Regulation 7 of the PIP Regulations deals with the fluctuating nature of many health conditions by setting out ‘frequency rules’.
- If you satisfy a descriptor for at least 50% of the days in the ‘required period’, it applies to you. The required period is normally the 3 months before your claim for PIP and the following 9 months. This means that a descriptor can apply even if you frequently do not satisfy it (e.g. where you suffer from arthritis and only need help with the prescribed activities when your condition up), as long as you satisfy it on the majority of days.
- Where you satisfy two or more descriptors within an activity for more than 50% of the days in the 'required period', the highest scoring descriptor applies. This is often the case where you are suffering from a more serious condition. The DWP and tribunals sometimes get this wrong by adopting a ‘top down approach’ to the descriptors (see 'Have the correct descriptors been chosen?').
- Where you do not satisfy any single descriptor within an activity for more than 50% of the days in the 'requried period', but satisfy two or more of the scoring descriptors for a total of more than 50% of the days, the descriptor which you satisfy most frequently applies (if you satisfy each descriptor for the same number of days, the highest scoring one applies). This often applies where your condition gives rise to different needs on different days, or you suffer with a number of conditions which affect you in different ways.
- Most of the descriptors begin with the words ‘can’, ‘cannot’ or ‘needs’. Regulation 7(1)(a) requires ‘for the majority of days in the year’ to be inserted before these words (e.g. ‘For a majority of days in the year, cannot dress or undress at all’).
Applying the 50% rule correctly can be difficult (UK/972/2015 suggested mathematical probability theory may be needed to calculate whether you satisfy the 50% rule where you suffer from more than one condition). It may help if you keep a diary for a few weeks. In contrast with DLA, the PIP assessment requires a mathematical approach rather than a ‘broad view’ approach of your needs over the relevant period (see CSPIP/754/2014). You can check for updated case law on the 50% rule on LASA's pipinfo.
The DWP often fails to apply the 50% rules properly and this is a common ground for disputing a decision and showing that you do, in fact, satisfy relevant descriptors.
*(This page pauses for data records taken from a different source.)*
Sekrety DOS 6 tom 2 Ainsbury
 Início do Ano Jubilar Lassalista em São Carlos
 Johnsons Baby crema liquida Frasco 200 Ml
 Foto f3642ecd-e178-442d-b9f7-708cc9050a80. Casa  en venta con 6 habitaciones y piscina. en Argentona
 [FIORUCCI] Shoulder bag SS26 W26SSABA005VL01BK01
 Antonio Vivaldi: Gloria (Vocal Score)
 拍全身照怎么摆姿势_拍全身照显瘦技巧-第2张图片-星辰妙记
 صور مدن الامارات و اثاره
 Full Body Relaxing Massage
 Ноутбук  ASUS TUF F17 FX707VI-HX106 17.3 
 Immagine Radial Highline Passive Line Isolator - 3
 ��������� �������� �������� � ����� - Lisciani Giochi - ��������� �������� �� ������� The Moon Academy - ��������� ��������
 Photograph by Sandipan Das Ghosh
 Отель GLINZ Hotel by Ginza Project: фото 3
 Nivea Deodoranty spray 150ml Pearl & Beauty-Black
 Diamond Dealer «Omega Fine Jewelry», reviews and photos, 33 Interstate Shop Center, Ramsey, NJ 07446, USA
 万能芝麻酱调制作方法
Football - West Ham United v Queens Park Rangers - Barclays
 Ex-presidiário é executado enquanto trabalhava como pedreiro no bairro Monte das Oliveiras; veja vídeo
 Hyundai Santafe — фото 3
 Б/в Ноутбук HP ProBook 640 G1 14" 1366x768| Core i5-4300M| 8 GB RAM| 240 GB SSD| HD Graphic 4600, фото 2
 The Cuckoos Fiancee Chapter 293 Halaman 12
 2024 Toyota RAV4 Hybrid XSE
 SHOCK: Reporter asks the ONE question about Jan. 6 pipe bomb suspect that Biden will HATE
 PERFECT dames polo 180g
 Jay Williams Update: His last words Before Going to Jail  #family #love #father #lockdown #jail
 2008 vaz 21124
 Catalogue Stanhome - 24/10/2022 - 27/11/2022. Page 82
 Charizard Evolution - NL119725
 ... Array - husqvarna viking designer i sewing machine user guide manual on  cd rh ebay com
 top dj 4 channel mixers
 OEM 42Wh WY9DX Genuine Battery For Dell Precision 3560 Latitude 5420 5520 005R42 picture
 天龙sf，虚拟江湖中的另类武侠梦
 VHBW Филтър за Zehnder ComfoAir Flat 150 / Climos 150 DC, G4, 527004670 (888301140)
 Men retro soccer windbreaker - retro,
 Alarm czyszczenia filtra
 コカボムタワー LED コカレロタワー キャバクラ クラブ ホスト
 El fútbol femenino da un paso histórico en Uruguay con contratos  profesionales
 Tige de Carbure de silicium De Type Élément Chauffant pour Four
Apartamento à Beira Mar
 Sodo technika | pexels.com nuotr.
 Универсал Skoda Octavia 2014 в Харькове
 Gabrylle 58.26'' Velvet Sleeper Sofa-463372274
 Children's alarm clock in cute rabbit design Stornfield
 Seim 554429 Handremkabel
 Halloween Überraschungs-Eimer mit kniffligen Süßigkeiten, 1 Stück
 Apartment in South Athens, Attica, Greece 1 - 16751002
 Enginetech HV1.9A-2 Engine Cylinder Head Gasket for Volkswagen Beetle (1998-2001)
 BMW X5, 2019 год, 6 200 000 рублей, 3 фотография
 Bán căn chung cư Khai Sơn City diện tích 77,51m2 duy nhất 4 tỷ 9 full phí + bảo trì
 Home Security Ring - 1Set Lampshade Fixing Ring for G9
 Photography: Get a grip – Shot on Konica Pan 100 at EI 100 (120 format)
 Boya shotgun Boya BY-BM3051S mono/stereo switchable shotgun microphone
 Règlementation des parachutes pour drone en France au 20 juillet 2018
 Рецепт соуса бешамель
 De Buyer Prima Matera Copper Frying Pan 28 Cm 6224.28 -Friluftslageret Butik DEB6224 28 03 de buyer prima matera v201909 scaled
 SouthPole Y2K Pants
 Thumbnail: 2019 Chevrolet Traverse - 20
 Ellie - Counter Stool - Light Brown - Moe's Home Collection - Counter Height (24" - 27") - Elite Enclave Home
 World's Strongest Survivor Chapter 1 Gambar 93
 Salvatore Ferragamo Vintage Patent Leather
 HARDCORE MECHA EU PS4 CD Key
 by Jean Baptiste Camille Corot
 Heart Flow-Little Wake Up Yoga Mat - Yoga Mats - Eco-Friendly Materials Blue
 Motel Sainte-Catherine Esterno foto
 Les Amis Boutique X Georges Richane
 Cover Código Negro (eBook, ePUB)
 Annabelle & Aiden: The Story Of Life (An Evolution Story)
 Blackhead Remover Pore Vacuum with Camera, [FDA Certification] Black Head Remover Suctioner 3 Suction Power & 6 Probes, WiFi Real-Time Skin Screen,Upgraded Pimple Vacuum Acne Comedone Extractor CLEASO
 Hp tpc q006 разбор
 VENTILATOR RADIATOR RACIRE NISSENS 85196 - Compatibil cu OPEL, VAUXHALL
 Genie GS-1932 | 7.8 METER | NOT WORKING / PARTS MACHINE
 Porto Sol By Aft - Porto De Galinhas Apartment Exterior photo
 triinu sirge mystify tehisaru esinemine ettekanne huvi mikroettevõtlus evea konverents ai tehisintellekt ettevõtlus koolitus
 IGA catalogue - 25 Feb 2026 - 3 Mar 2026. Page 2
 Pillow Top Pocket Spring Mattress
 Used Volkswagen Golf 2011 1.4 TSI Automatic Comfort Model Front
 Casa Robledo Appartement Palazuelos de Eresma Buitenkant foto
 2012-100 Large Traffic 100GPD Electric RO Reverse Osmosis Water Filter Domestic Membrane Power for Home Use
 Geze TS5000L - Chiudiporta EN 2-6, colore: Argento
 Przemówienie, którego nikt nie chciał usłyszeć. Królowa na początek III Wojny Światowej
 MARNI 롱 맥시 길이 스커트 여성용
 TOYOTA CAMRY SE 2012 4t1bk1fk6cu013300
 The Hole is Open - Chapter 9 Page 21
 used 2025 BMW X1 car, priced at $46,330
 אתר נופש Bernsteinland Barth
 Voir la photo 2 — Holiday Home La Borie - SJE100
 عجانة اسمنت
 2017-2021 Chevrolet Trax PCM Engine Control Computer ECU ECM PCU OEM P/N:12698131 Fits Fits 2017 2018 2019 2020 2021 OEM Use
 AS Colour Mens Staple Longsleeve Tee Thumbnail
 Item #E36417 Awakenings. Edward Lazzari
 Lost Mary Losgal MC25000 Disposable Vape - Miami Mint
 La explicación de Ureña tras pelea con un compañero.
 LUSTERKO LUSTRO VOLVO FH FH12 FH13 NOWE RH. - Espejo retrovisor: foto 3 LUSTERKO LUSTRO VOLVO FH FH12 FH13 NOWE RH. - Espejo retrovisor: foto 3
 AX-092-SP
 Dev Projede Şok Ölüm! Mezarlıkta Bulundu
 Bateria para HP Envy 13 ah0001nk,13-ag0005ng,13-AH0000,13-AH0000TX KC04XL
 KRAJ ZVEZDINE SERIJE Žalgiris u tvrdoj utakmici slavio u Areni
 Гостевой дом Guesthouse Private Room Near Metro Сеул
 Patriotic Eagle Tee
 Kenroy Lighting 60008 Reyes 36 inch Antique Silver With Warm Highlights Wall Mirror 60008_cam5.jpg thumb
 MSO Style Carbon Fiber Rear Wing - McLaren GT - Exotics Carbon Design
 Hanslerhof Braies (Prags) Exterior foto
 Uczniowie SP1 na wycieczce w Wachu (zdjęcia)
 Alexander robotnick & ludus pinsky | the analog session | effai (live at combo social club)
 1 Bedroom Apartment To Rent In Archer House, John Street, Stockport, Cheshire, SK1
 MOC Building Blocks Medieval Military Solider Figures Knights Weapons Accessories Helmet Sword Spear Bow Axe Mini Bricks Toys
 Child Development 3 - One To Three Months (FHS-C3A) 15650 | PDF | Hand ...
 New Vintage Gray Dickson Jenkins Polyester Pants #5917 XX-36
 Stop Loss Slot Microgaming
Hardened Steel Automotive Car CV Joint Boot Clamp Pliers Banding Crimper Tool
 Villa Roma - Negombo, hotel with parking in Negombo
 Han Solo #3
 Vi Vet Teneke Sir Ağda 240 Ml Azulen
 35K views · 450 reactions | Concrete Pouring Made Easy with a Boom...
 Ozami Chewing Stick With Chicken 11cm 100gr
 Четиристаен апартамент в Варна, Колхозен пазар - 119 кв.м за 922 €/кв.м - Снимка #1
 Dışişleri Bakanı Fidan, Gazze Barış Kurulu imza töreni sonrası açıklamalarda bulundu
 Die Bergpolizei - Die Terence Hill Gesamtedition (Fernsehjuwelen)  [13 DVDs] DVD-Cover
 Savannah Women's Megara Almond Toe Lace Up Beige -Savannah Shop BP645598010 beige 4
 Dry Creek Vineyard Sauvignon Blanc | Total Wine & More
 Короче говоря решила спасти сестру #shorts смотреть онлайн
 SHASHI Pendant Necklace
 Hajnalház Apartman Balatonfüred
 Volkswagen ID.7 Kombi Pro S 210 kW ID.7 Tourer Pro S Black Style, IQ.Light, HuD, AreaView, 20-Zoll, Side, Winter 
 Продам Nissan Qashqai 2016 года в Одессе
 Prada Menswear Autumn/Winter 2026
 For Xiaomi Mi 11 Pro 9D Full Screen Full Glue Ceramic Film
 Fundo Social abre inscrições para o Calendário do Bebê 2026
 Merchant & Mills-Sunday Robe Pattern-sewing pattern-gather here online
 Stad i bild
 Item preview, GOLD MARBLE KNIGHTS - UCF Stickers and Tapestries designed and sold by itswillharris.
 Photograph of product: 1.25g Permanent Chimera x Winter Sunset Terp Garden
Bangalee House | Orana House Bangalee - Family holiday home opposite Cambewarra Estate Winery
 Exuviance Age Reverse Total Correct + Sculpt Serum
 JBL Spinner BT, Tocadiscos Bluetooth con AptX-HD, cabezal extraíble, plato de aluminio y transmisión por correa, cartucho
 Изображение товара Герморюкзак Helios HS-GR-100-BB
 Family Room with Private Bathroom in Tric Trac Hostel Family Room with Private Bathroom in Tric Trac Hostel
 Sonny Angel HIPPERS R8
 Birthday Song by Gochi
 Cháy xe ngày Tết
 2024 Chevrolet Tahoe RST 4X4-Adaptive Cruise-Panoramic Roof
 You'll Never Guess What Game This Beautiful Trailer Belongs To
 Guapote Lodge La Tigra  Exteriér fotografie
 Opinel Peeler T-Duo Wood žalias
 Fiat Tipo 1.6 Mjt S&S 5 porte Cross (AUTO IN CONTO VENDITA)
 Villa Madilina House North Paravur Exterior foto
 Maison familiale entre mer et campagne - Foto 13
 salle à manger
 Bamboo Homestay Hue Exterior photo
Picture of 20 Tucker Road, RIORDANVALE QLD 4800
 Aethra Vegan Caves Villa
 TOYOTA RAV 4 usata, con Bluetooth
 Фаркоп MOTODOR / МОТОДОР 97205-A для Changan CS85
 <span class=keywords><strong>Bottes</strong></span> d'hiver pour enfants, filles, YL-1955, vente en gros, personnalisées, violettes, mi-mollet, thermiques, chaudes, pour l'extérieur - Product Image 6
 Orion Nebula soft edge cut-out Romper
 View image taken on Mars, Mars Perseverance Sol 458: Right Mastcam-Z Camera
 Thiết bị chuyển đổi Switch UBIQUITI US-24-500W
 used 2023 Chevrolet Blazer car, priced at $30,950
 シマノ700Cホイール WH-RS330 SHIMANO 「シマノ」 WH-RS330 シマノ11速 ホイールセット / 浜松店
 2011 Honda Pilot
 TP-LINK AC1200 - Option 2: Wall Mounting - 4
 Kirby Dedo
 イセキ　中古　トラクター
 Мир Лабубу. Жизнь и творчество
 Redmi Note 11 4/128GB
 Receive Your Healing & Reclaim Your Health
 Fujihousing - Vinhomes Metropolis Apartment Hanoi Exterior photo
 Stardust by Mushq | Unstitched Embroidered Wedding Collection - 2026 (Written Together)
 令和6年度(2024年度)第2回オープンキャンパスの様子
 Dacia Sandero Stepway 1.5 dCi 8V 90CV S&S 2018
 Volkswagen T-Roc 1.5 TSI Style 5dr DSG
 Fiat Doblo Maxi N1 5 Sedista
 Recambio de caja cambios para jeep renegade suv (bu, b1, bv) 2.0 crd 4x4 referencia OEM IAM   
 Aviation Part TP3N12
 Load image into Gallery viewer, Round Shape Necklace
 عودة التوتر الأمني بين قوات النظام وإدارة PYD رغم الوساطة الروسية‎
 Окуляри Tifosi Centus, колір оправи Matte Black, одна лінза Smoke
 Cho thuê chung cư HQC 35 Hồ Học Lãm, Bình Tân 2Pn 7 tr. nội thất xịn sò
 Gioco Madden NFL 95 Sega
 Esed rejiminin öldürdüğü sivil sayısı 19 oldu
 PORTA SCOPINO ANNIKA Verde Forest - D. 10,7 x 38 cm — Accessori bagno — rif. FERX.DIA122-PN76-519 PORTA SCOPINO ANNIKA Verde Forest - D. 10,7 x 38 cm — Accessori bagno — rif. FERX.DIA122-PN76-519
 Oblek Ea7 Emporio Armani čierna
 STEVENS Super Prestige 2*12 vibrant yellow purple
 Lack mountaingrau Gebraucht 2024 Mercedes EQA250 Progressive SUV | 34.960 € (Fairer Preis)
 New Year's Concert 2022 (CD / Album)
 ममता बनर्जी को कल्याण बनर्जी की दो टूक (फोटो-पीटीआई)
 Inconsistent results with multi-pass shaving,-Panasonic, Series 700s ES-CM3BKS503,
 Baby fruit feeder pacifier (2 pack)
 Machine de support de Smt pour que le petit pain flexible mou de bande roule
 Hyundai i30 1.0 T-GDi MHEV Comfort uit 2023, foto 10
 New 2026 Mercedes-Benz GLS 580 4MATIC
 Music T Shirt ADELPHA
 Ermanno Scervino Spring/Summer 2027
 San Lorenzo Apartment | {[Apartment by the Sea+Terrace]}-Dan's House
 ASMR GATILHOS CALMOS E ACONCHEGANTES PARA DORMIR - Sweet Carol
The problem is partly caused by the fact that the PIP2 questionnaire gives you standardised choices of ‘yes / no / sometimes’ rather than referring to the 50% rule. Also, the health care professional’s report gives details of your ‘typical day’ but does not deal with how often this applies, while the bare wording of the descriptors does not refer to the 50% rule.
What if you satisfy a descriptor for only part of a day?
Case law has confirmed that a descriptor can apply if you only satisfy it for part of the day (as long as your inability is significant enough to affect your functioning in more than a trifling way) – see  AACR 23 and CPIP/2287/2015. This could apply, for example, where you need to help to dress in the mornings due to stiffness and pain from arthritis which eases during the day through the effect of activity and painkillers.
Are you able to carry out an activity as often as reasonably required?
This is part of the ‘reliability criteria’ (see ‘Have the reliability rules been properly applied?). If, for example, you can walk more than 200 metres, but would be unable to walk more than 50 metres later in the day due to fatigue, you could score 10 points for mobility descriptor 2(d).